Pancit Palabok: Filipino Rice Noodles and Vegetables [Vegan]

This Recipe is :

Vegan

Ingredients

For the Noodles:

  • 1 16-ounce package of rice sticks noodles

 For the Broth:

  • 6 cups water
  • 3/4 cup potato flour (not potato starch)
  • 1/2 cup nutritional yeast
  • 1/3-ounce packet annatto powder, whisked and dissolved in 1/4 cup water
  • 1 1/2-2 teaspoons sea salt
  • 2 teaspoon Indian black salt/kala namak
  • 1/2 teaspoon garlic powder
  • 1/2 teaspoon onion powder
  • A pinch of black pepper

For the Main Ingredients:

  • 3 tablespoons canola oil
  • 4 garlic cloves, peeled, crushed, and minced
  • 1 yellow onion, peeled and diced
  • 3/4 cup carrots, cut into matchsticks
  • 3/4 cup green beans, thinly sliced
  • 1 1/2 cup fried tofu cubes
  • Salt and pepper, to taste

For the Toppings (optional):

  • 1 tablespoon green onions, sliced
  • 1 tablespoon roasted garlic
  • 3-5 small citrus fruits, cut in half
  • 2-3 tablespoons vegan chicharon

Preparation

To Prepare:

  1. Submerge the noodles in a shallow dish of warm water for 20-30 minutes.
  2. Meanwhile, pour all ingredients for broth in a medium-sized pot. Mix well and cook over medium heat, stirring occasionally, until the broth begins to boil. Remove from heat.
  3. Heat a medium-sized pan over medium heat. Heat the oil in the pan and sauté the garlic for a few minutes before adding the onions. Sauté until the onions are soft and translucent.
  4. Add the carrots, green beans, and tofu. Season with salt and pepper.
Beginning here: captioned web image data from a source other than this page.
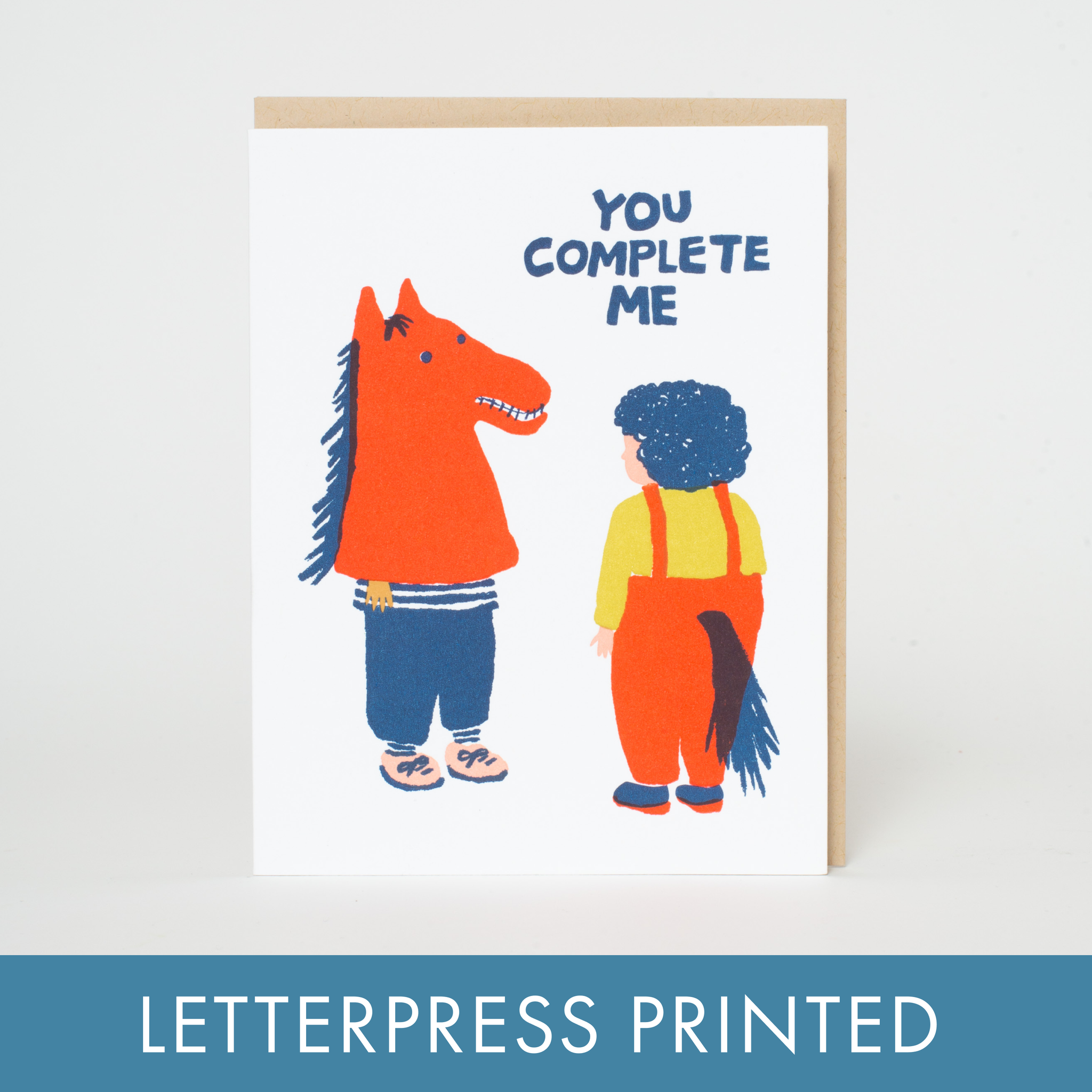 "You Complete Me" Letterpress Greeting Card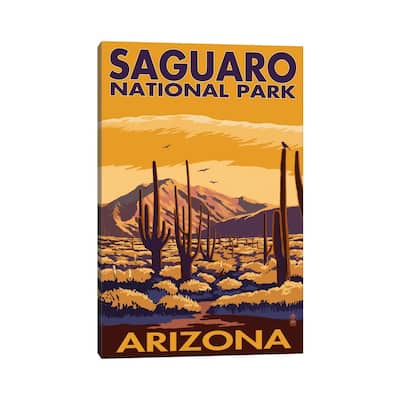 iCanvas "Saguaro National Park (Desert Landscape)" by Lantern Press Canvas Print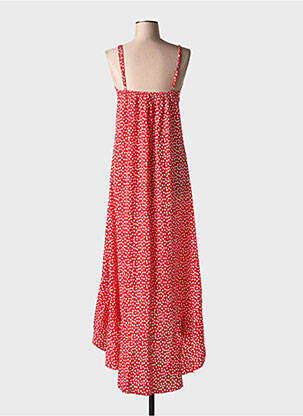 Robe longue manches bretelles ajustables fines bretelles rouge FLAMANT ROSE femme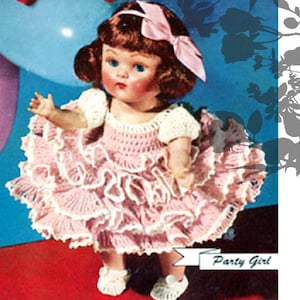 Immediate Download - Party Girl Crochet Pattern in thread - Fits most 8 inch dolls Ginny Muffie etc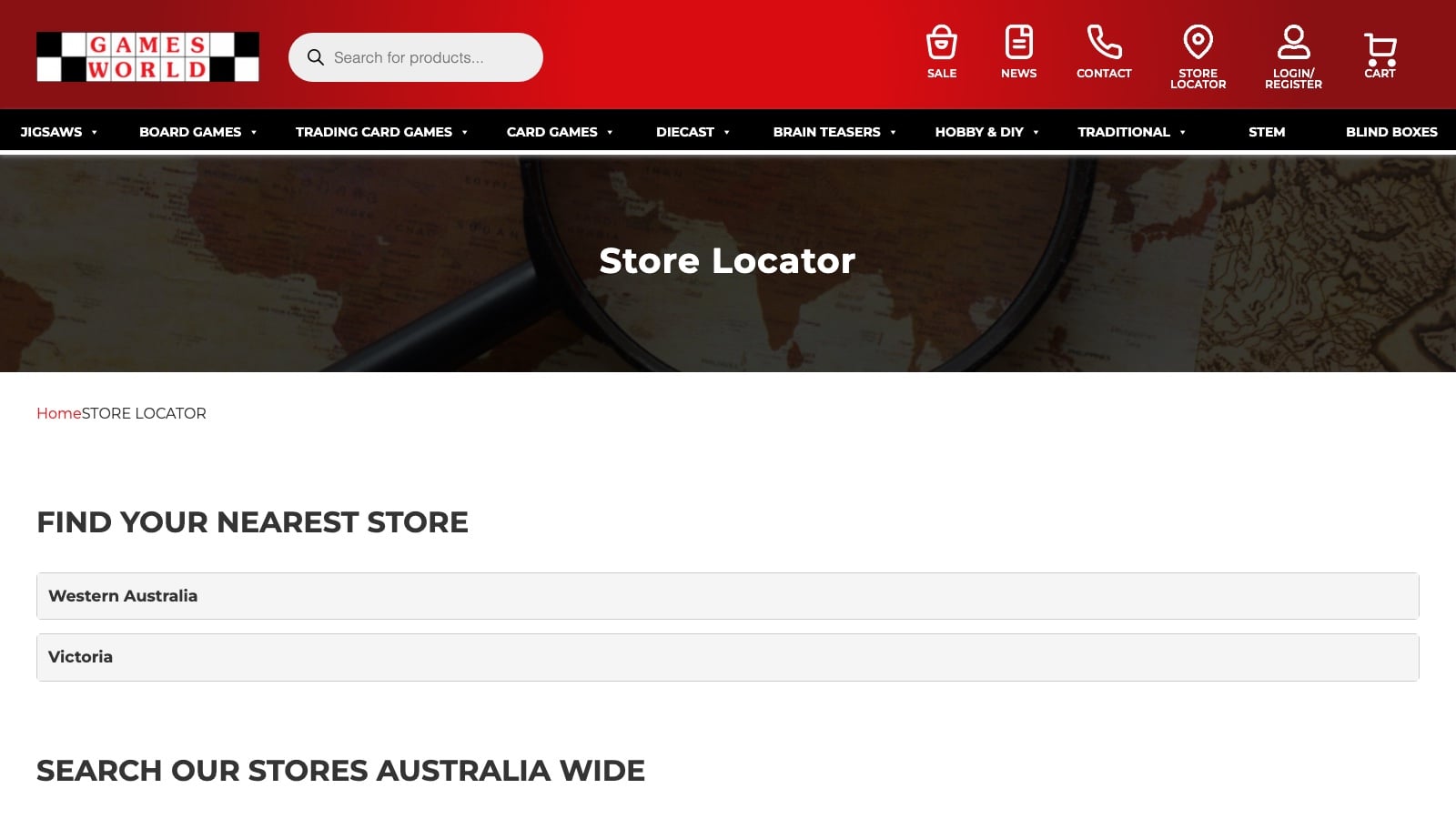 Games World store locator for finding the nearest of 25 stores across Perth and Melbourne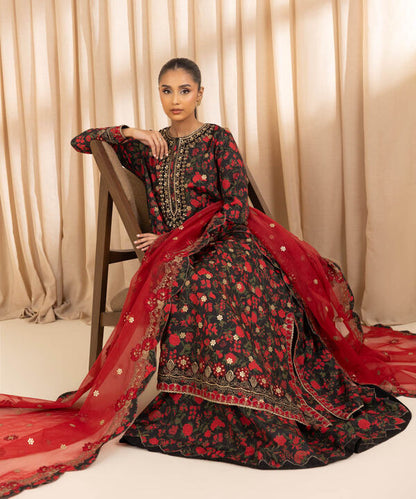 3 Piece - Embroidered Silk Suit (Unstitched)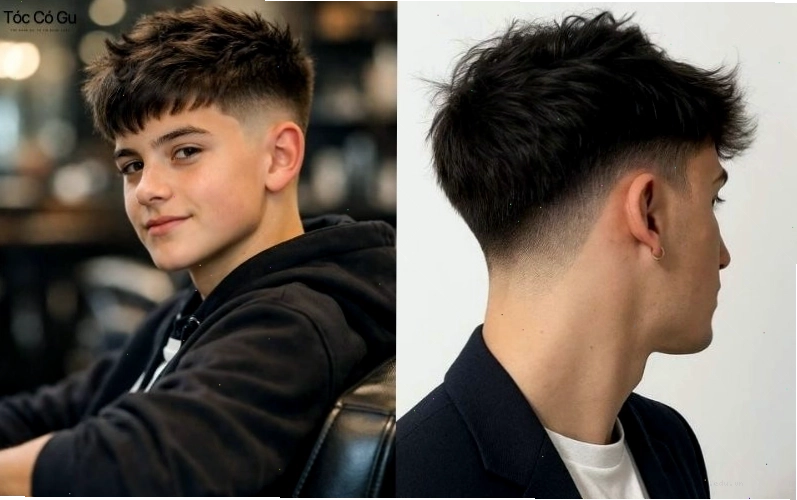 Mid Fade kết hợp Textured Crop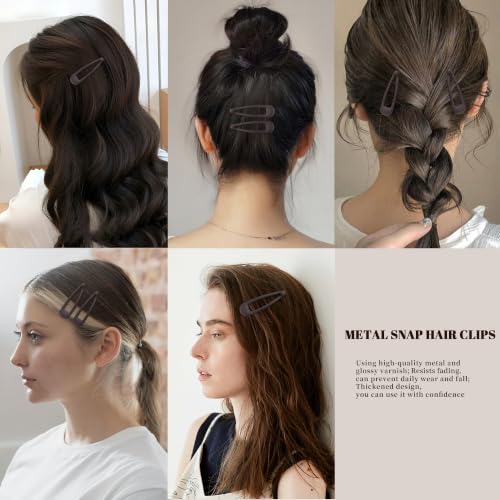 Small Hair Barrettes For Women No Slip Metal Snap Clips For Thin And Fine Hair,Matte Dark Brown,20 PCS,1.97 x 0.5 Inch. - color: Matte Dark Brown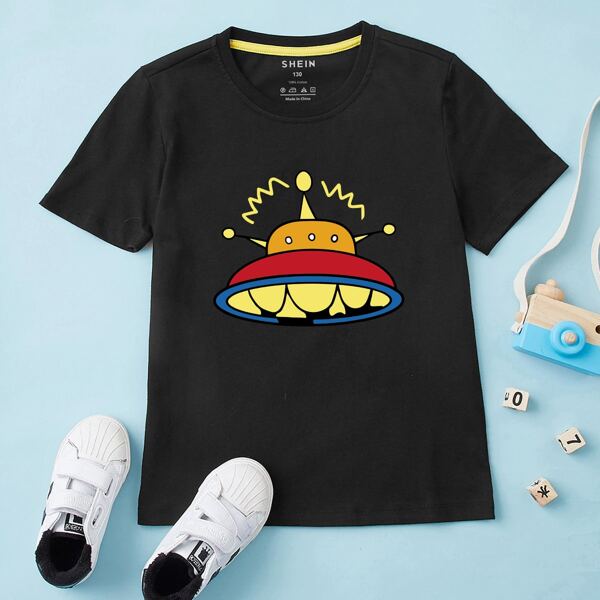 

Toddler Boys Cartoon Graphic Short Sleeve Tee, Black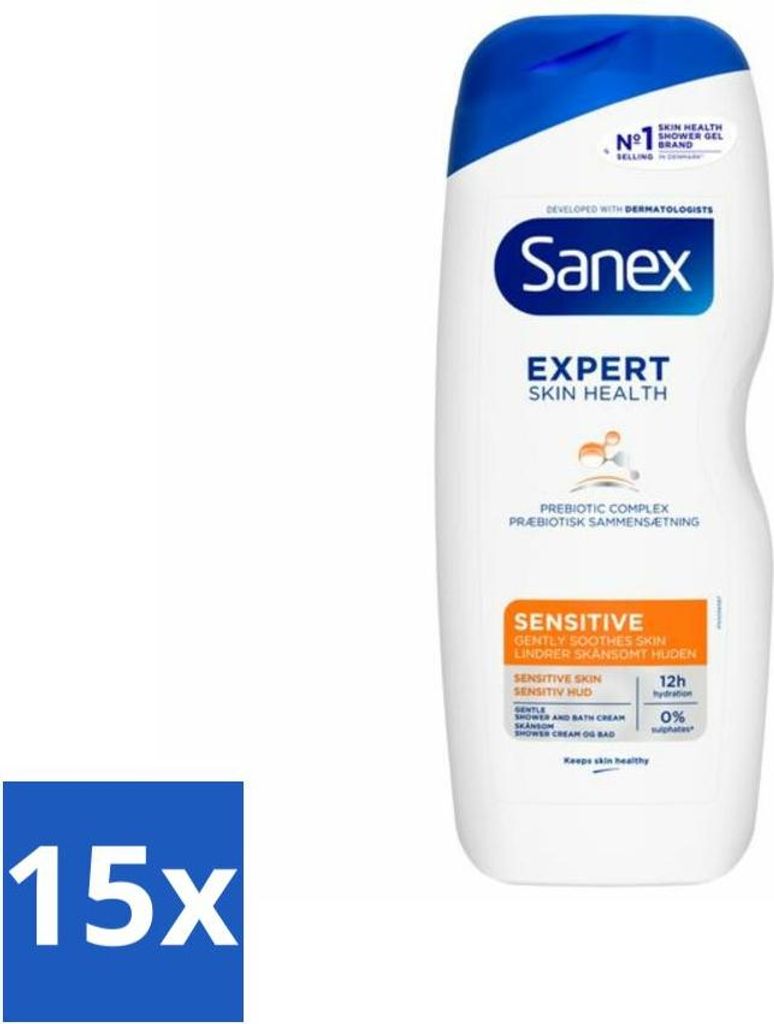 Sanex - Duschgel - Dermo Sensitive - Für empfindliche Haut - 600 ml - Vorteilspack - 15 Stücke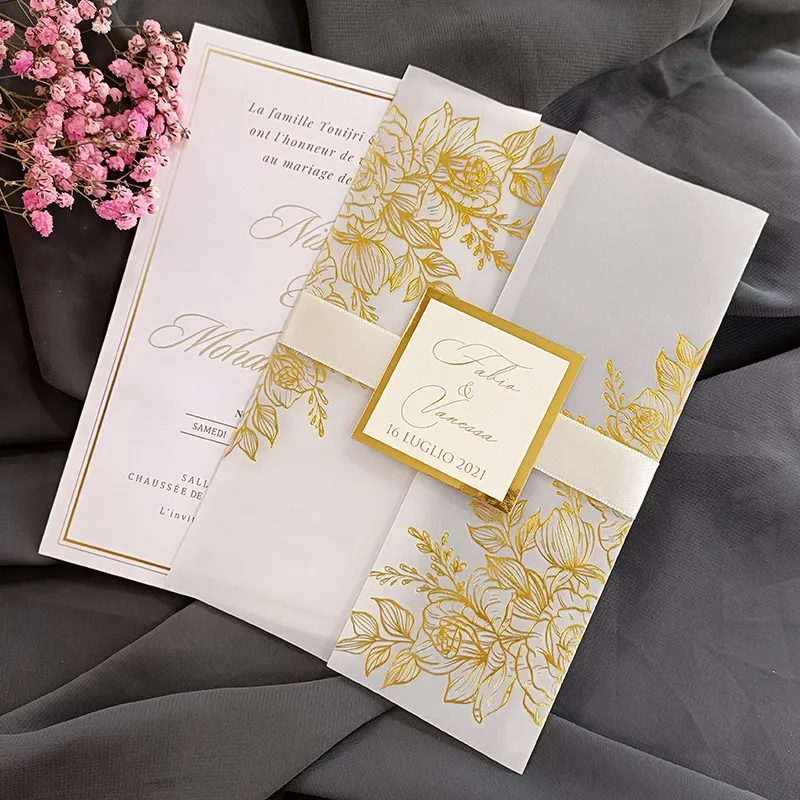 Greeting Cards 50pcs/lot Flower Transparent Personalized Print Wedding Invitations With Gold Metallic Tag And Envelope DIY Sweet 15 Invite 230317
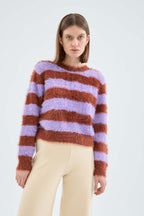 Compania Fantastica Lilac and Brown Textured Knit Jumper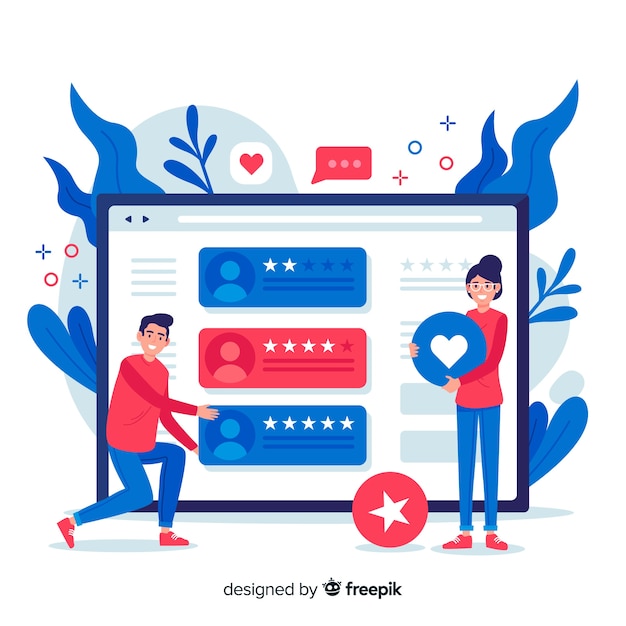 Reviews concept for landing page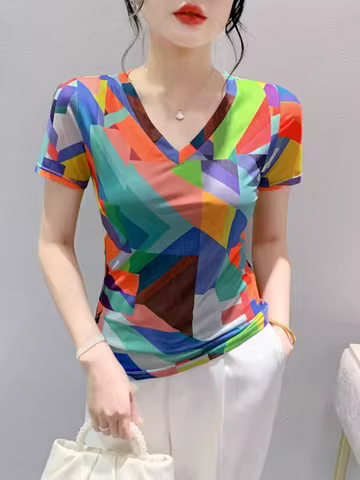 S-3XL Summer Fashion Printing Short Sleeve T-shirt Women V-Neck Slim Fit Tops Stretchy T Shirts For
Cook for another 3-5 minutes, then remove from heat.
  5. Pour the sautéed vegetables into the pot of broth. Mix well. Adjust the flavor with sea salt and black salt, to taste. It should taste more savory than preferred, to balance out the neutral flavor of the noodles.
  6. Boil a 6-8 cups of water in a medium-sized pot. Remove noodles from the shallow dish, then transfer and blanch them in the boiling pot of water. Quickly drain noodles using a colander.

To Assemble:

  1. Place the noodles on a serving plate. Pour about 4 ladle-full of sauce and mix to fully incorporate.
  2. Generously pour more sauce, this time only on the center of noodles.
  3. Sprinkle toppings, if desired, and serve with citrus fruit slices on the side.
  4. Serve warm.

Notes

For a low-salt diet, cut down sea salt and black salt to 1 teaspoon and add more garlic and onion powder. While preparing and cutting the vegetables, you could fry the tofu cubes on a pan over high heat.

 

AUTHOR & RECIPE DETAILS


photo

"Astig" is a Tagalog word for tough, unique, or gutsy. RG Enriquez at Astig Vegan looks at vegan Filipino food as something "Astig." Born and raised in Bacoor Cavite, Philippines, RG would help her mom cook traditional Filipino food for the entire family. Although she doesn't consume animal products anymore, she didn't want to give up on the food that she loved so much as a kid so she launched her own blog.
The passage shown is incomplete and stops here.